Directors declared an interim fully franked dividend of 10 cents per share with a record date of 31 May 2019, payable to shareholders on 18 June 2019. This represents a dividend payout ratio of 63pc of underlying first half earnings. The Dividend Reinvestment Plan will not operate with respect to this dividend.
The company said a resilient agricultural supplies result, growth in real estate and disciplined cost control helped offset declines in cattle prices and wool volumes to hold uEBITDA for this division steady at $47million for the half year.
The company’s ag supplies gross profit increased 2pc with increased fertiliser sales in Queensland and Tasmania and strong demand for stock feed and animal nutrition products on the back of increased volume of livestock on feed and dry conditions in Queensland and the southern states. However, inconsistent rainfall in key cropping zones, lower water allocations and reduced cotton and rice plantings lead to a decline in crop protection sales.
Volume growth of 7pc in cattle sold through the network and an increase in higher value rural property sales continued to support agency earnings through the half, limiting the decline in agency gross profit to only 1pc from the anticipated softening of domestic cattle prices and reduction in wool clip.
Ruralco said the benefits of an expanded, more geographically diverse footprint have balanced out the impact of prolonged dry conditions on farmer confidence and water projects activity with Water Services uEBITDA relatively flat at $9.6million.
Buoyant temporary and permanent water entitlement markets have driven strong growth in water broking results in the half, but sustained reduced access to water and inconsistent rainfall have impacted farmer confidence in investing in on-farm water infrastructure projects. This had led to a slowdown in water projects activity in key areas along the Murray Darling basin and northern NSW until seasonal conditions improve.
The division’s results have also benefited from the impact of acquisitions undertaken in 2018 and from recovery in water retail activity, particularly in Western Australia although the non-agriculture focused landscaping and civil projects business in that market continues to experience restrictive market conditions, stifling earnings growth, Ruralco said.
Ruralco said its financial services division continued its profitable growth trajectory with uEBITDA of $0.5million for the half, compared to break-even in the previous corresponding period. The business reported 11pc growth in its seasonal finance loan book, 19pc growth in the flexi-finance loan book and 4pc Ausure insurance GWP growth.
The company said its live export division (Frontier) returned to profitability (uEBITDA of $0.1million) with strong growth in volumes to Indonesia and a return to trading margin profitability, despite continued elevated feed costs and competition in the South East Asian cattle market.
On 27 February 2019, Ruralco entered into a scheme implementation deed with Nutrien Ltd (Nutrien) under which it is proposed Nutrien or one of its wholly owned subsidiaries will acquire 100pc of the issued share capital of Ruralco for $4.40 per share.
The transaction has been recommended by the Ruralco board with the $4.40 valuation representing a 44pc premium to the closing price of Ruralco shares on 25 February 2019 and a 44pc and 45pc premium to the 1-month and 3-month volume weighted average price, respectively.
Ruralco expects to lodge the draft scheme booklet, which includes half year 2019 financial information, with ASIC shortly for its review.
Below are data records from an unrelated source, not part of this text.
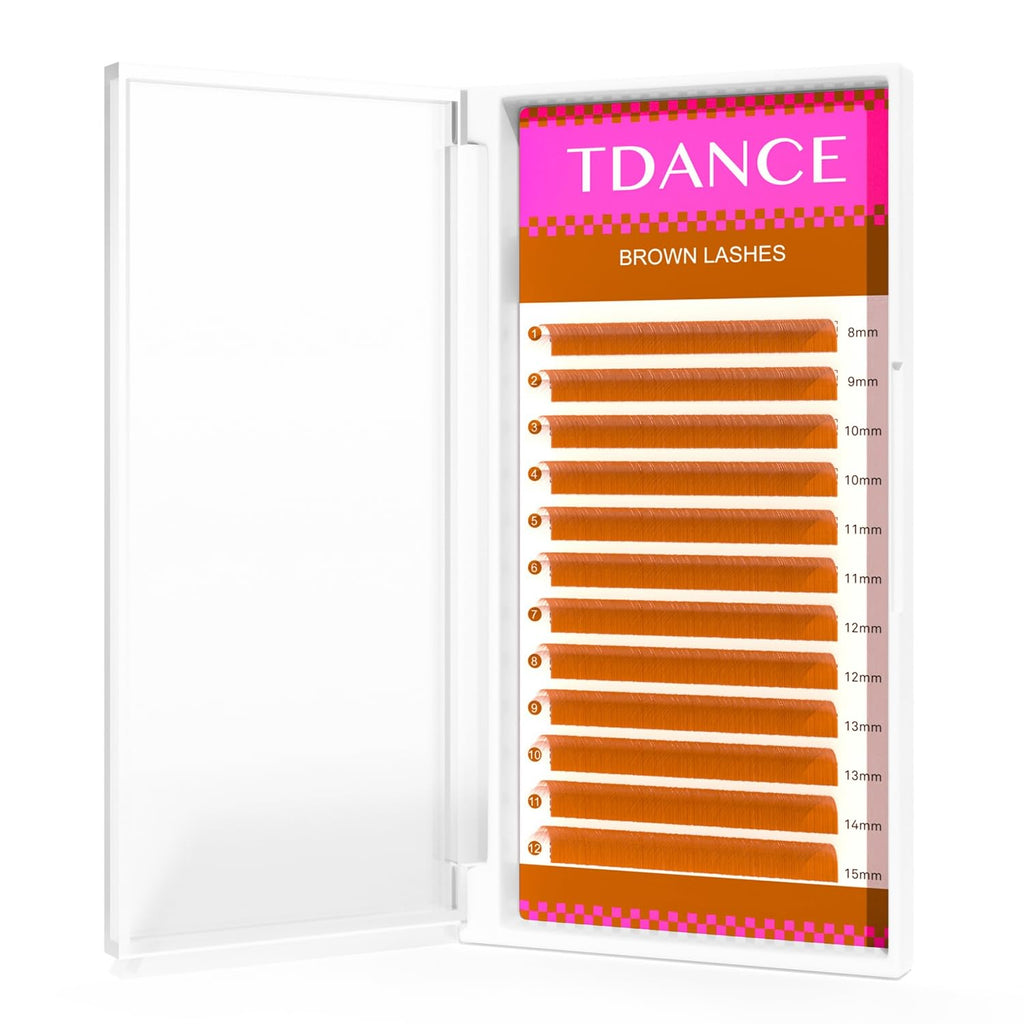 TDANCE Brown Colored Lash Extensions – 0.03/0.05/0.07mm, C/D Curl, 8–15mm | Premium Salon Lashes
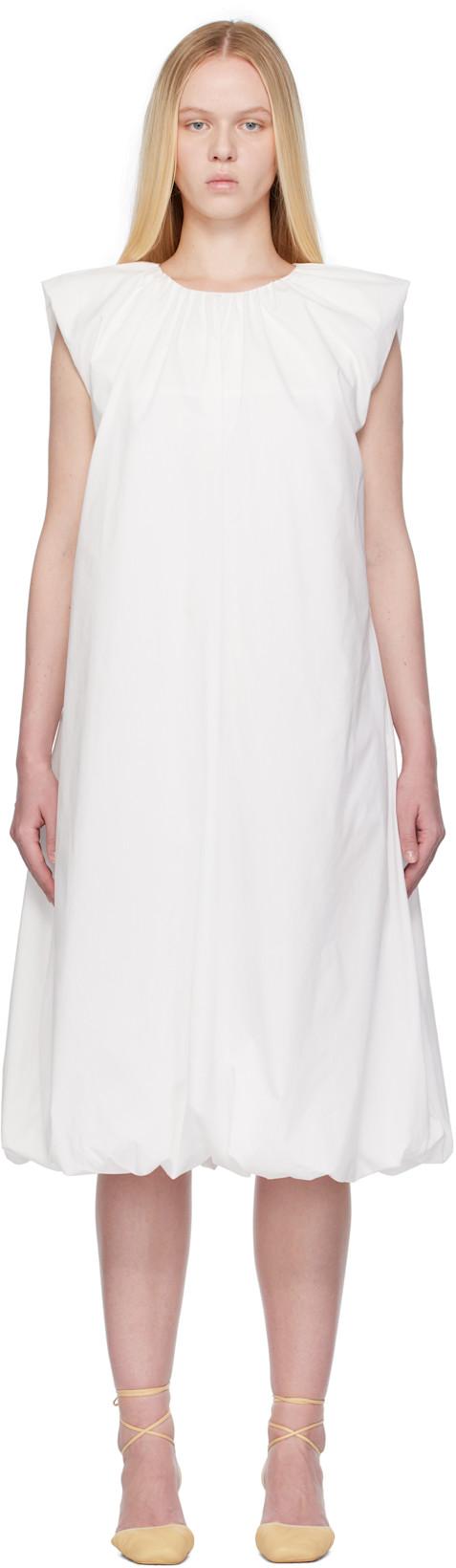 White Cotton Volume Shirring Minidress by AMOMENTO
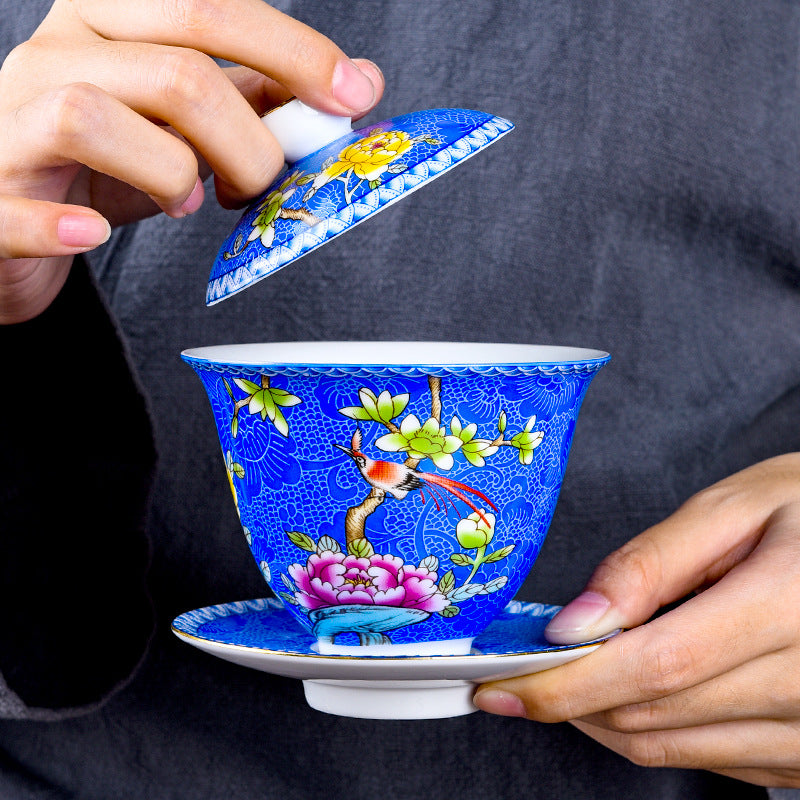 Enamel Golden Silk Flower and Bird Gaiwan Teacup Set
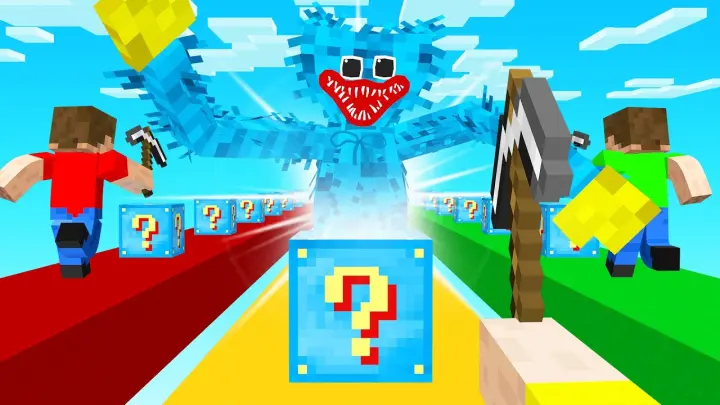 Minecraft 1v1v1 POPPY PLAYTIME Lucky Block Race! (Vs Friends)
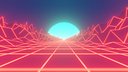 Retro Neon Synthwave Road Environment Animated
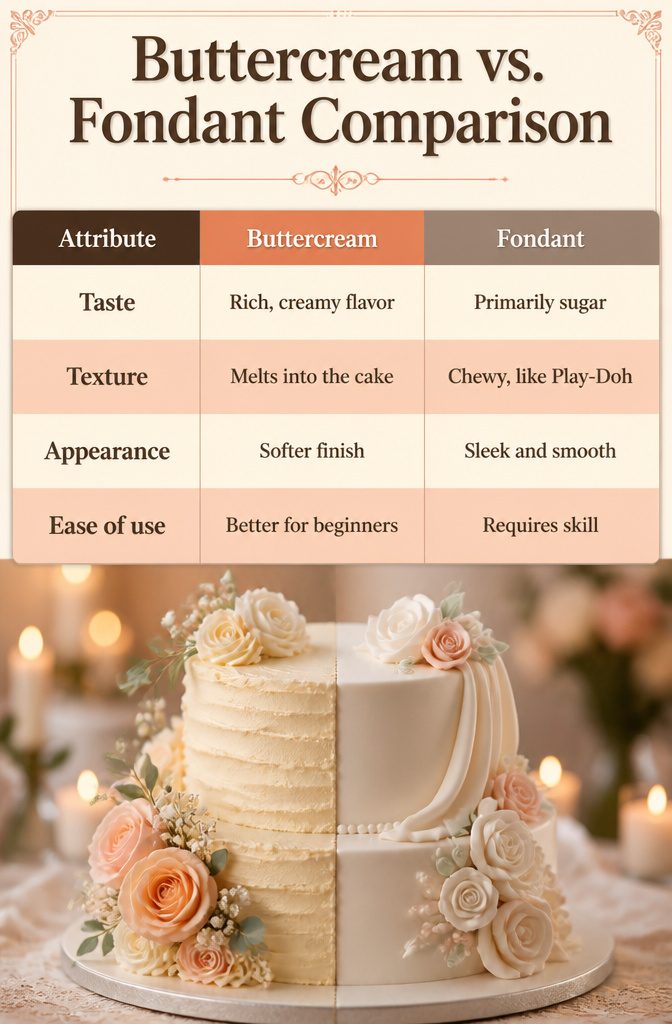 Buttercream Wedding Cake: 5 Frosting Types, Flavors & Decorating Guide 11 A comparison chart highlighting differences between buttercream and fondant.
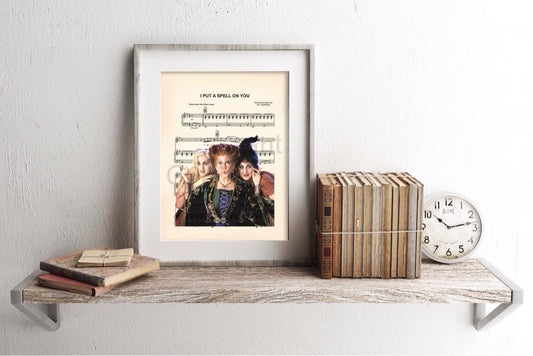 Hocus Pocus Halloween Sanderson Sisters I Put A Spell On You Sheet Music Art Print
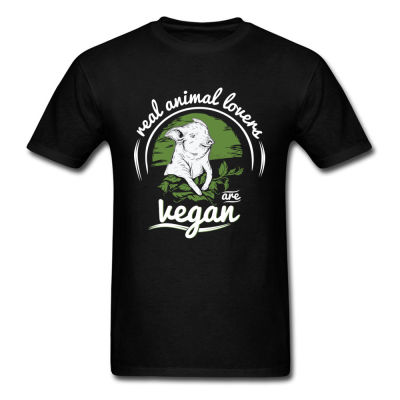 Real Animal Lovers Are Vegan Tshirt Men T Shirt Clothing Vegetarian Cartoon Tees Healthy Life Cotton Tshirt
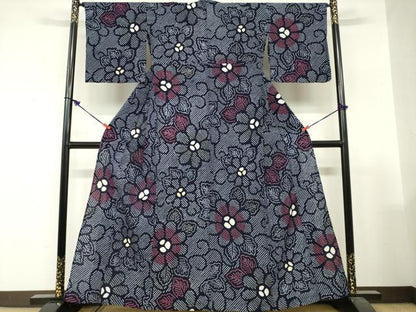 平和屋着物∴夏物　浴衣　有松鳴海絞り　草花文　綿　逸品　DABI3102cd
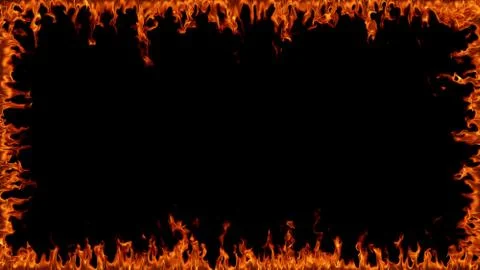 Flame frame on black background Stock Photos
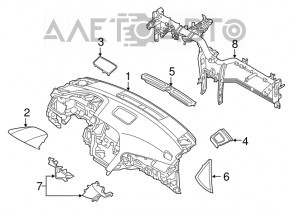 Торпедо передняя панель без AIRBAG Hyundai Sonata 16-17 hybrid
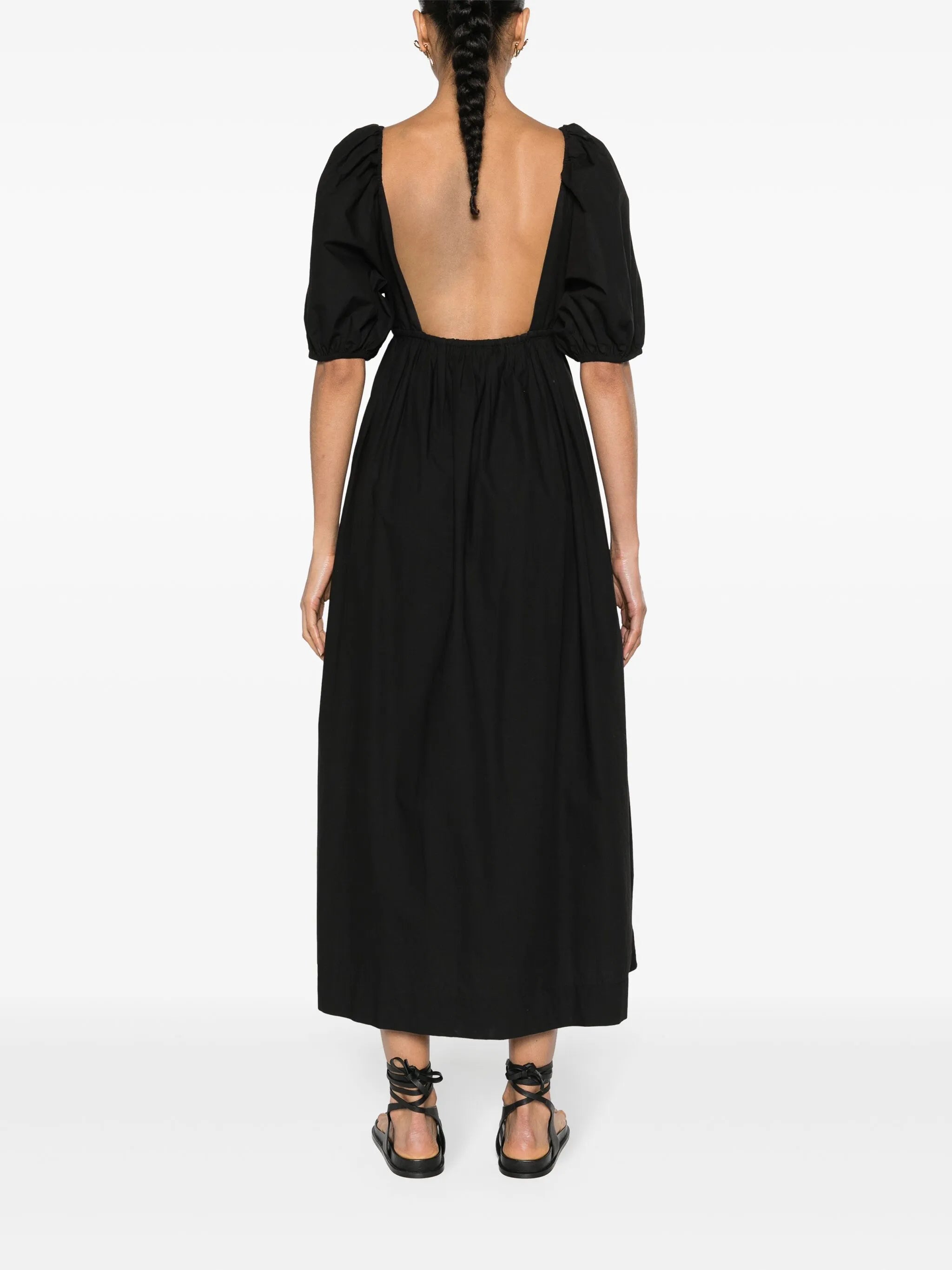 V-neck poplin midi dress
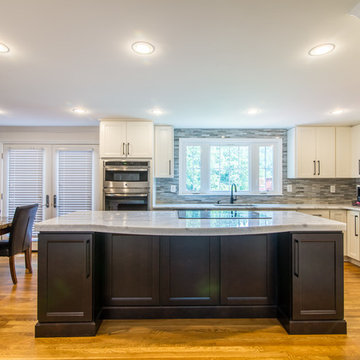 Springfield Kitchen with Massive Island and Marble Backsplash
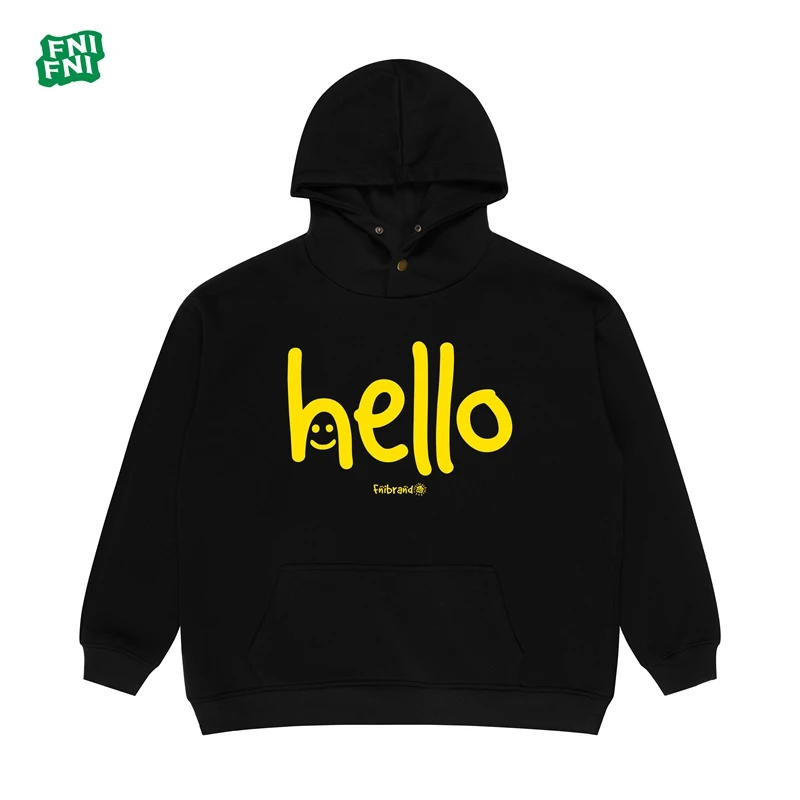 FNI国潮重磅棉（hello）男女同款加绒连帽卫衣24年秋冬新款早秋上衣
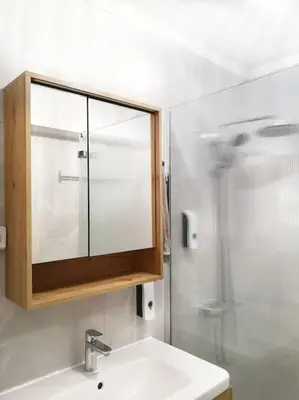 a bathroom with a sink and a shower at Chez L'Hadriana, 2x AC clim Wi-Fi,newly renovated in Nice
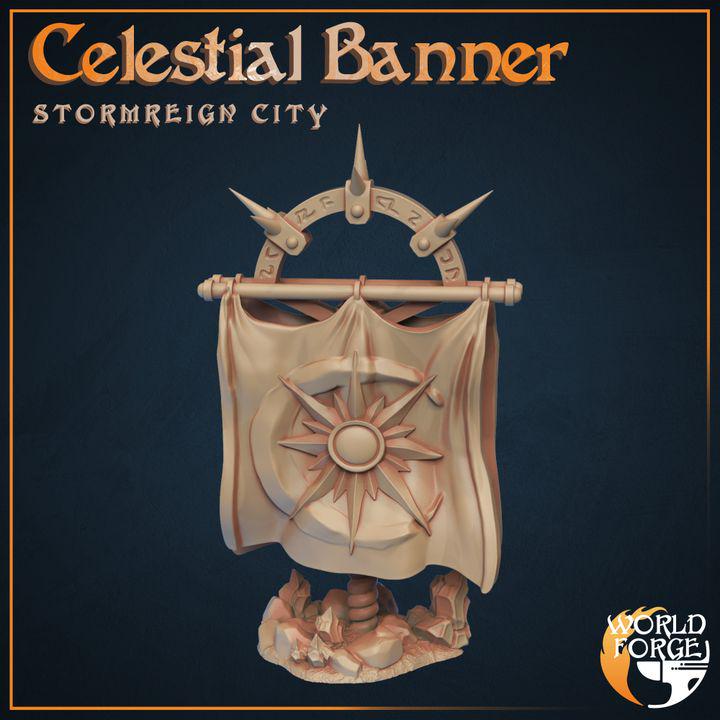 Celestial Banner - Stormreign City - 32mm Scale - Unpainted Miniature for DnD, Pathfinder, Tabletop RPGs & Dioramas - World Forge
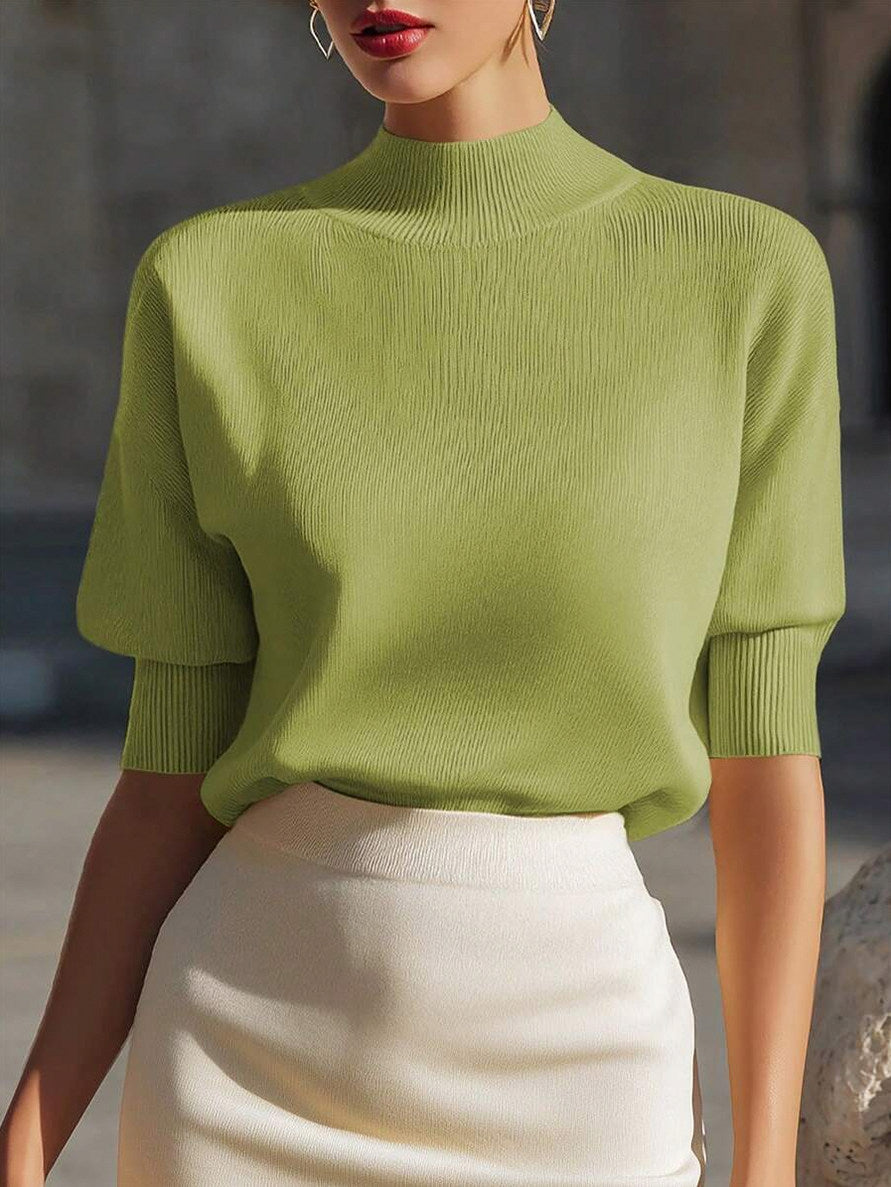 Ribbed Mock Neck Knit Sweater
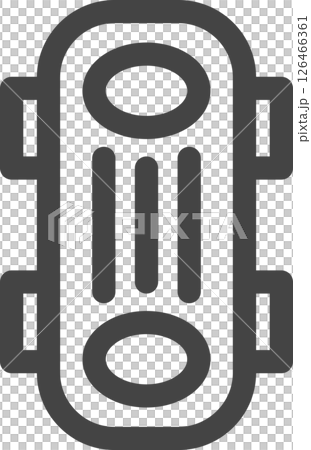 線條畫運動相關單一圖示滑板 126466361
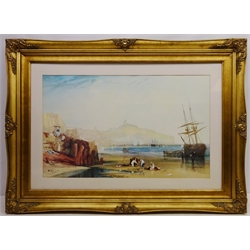  'Morning Boys Catching Crabs Scarborough', 20th century colour print after J M W Turner 48cm x 78.5cm in ornate gilt frame  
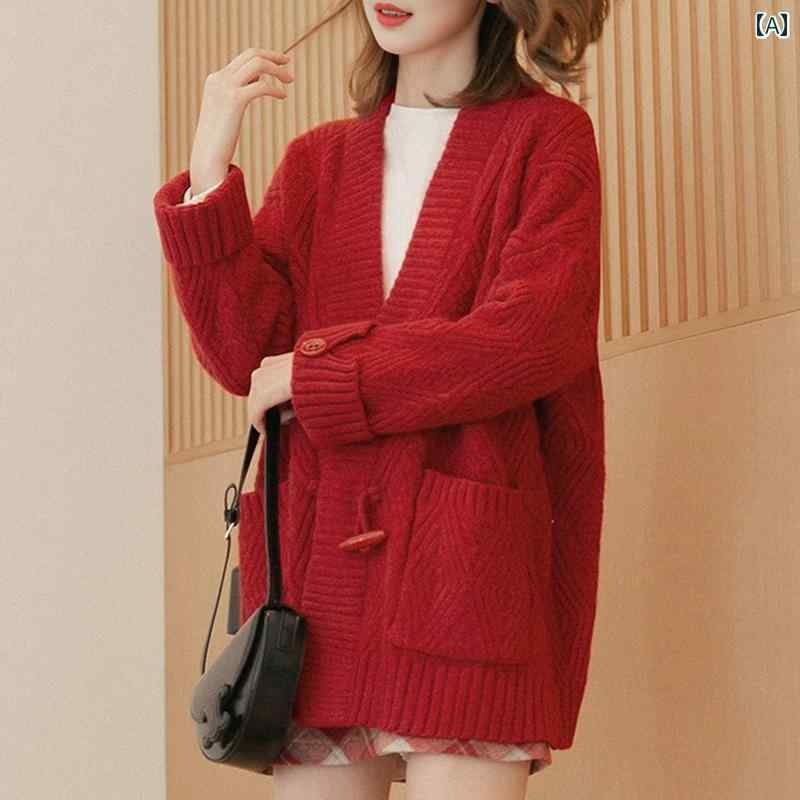 アウター レディース カジュアル おしゃれ 普段使い ニットカーディガン 秋冬 トグルボタン レッド セーター ジャケット 厚手 レングス ソフト ワックス ツイスト ゆったり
The scheme booklet is expected to be distributed to shareholders in early June 2019.
Ruralco said the exact timetable for completion of the scheme is uncertain and will depend on the receipt of regulatory approvals from the ACCC and FIRB. The provisional date for announcement of the ACCC’s findings is 13 June 20192
The company’s shareholders will have the opportunity to vote on the scheme at a shareholder meeting, which will be held following receipt of regulatory approvals. At this stage, Ruralco anticipates completion of the scheme will occur in the second half of Ruralco’s financial year.
Ruralco will also continue to update its shareholders as the scheme process continues on the Ruralco corporate website, see www.ruralco.com.au/investors.